● **TASK STATEMENT**: The answer should contain only the lines from the beginning of the entries through the line that holds "Chinoiserie Panels in Soft Blue I", given again exactly, with no pictures.

START MATERIALS PROVIDED

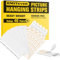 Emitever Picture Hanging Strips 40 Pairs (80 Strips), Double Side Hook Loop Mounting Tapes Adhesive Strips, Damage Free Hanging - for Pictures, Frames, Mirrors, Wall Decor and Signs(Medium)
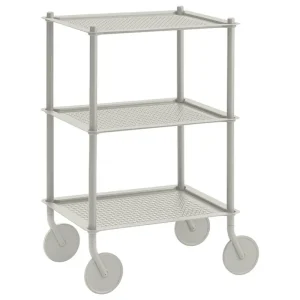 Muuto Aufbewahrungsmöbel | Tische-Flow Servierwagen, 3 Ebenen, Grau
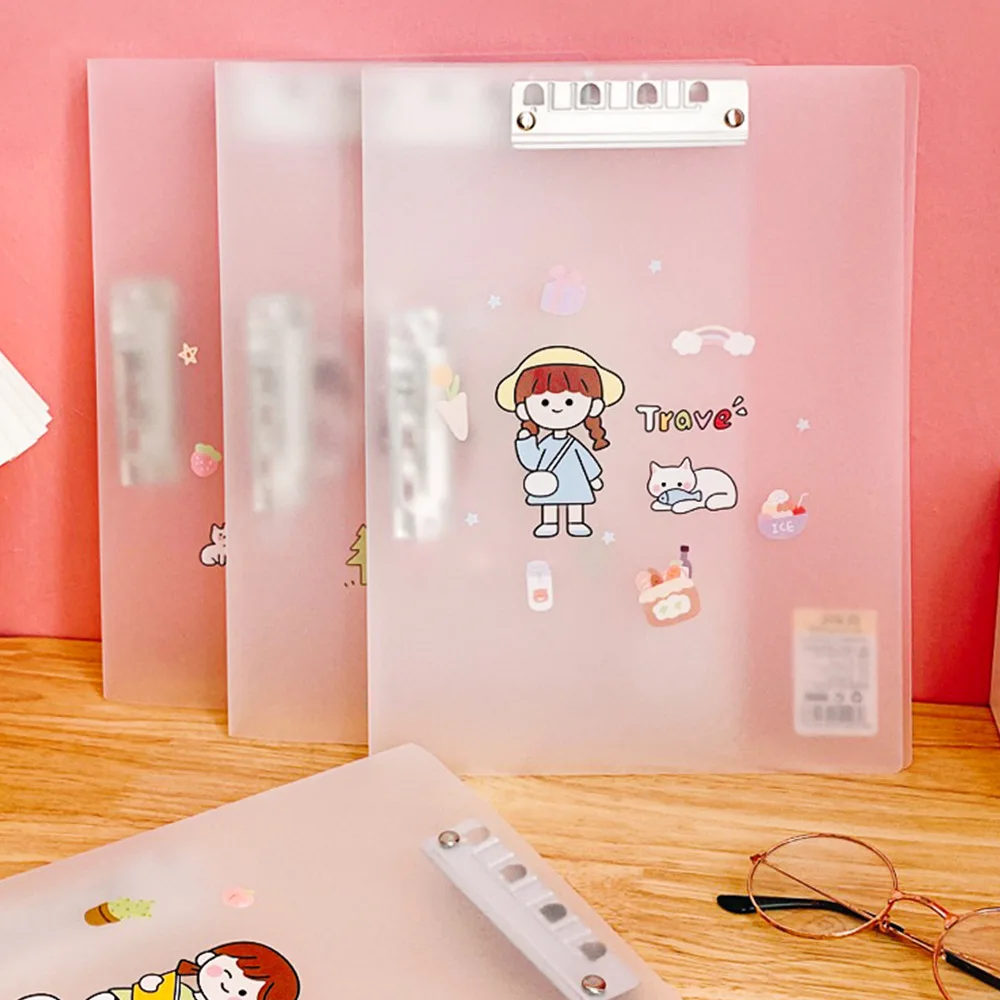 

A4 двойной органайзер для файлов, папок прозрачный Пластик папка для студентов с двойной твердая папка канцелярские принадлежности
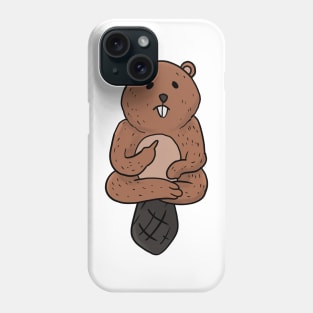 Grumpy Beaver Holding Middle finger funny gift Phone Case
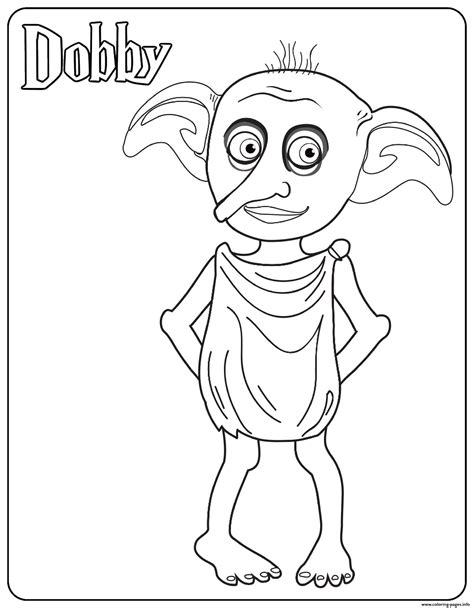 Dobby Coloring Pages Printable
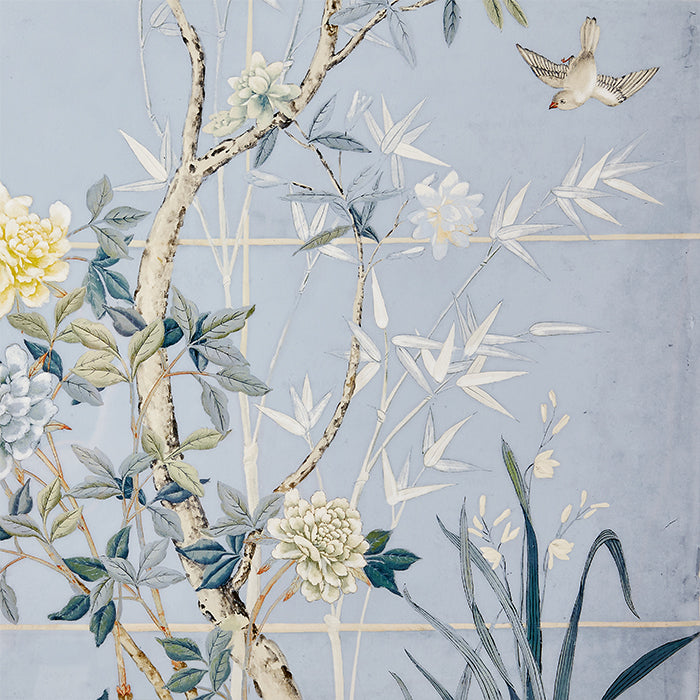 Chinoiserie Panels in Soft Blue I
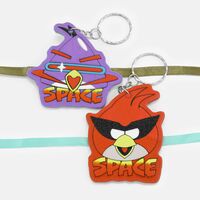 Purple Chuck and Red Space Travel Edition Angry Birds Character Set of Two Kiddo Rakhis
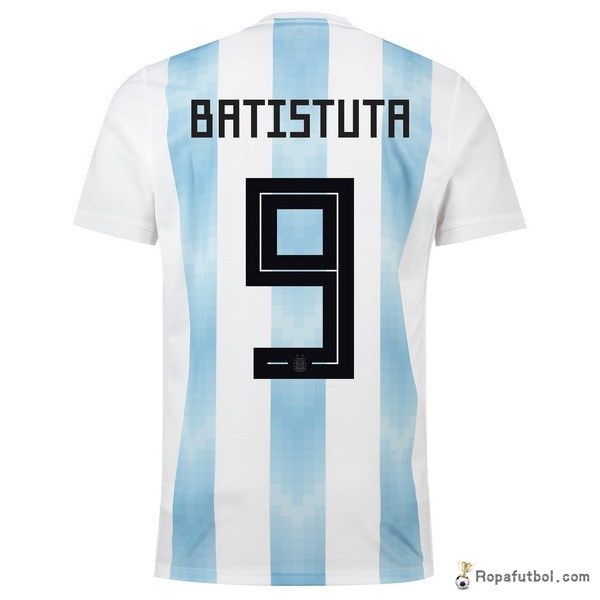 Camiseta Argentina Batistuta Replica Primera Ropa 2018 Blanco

END MATERIALS PROVIDED

● **SOLVED EXERCISE**:
 Emitever Picture Hanging Strips 40 Pairs (80 Strips), Double Side Hook Loop Mounting Tapes Adhesive Strips, Damage Free Hanging - for Pictures, Frames, Mirrors, Wall Decor and Signs(Medium)
 Muuto Aufbewahrungsmöbel | Tische-Flow Servierwagen, 3 Ebenen, Grau

A4 двойной органайзер для файлов, папок прозрачный Пластик папка для студентов с двойной твердая папка канцелярские принадлежности
 Grumpy Beaver Holding Middle finger funny gift Phone Case
 Dobby Coloring Pages Printable
 Chinoiserie Panels in Soft Blue I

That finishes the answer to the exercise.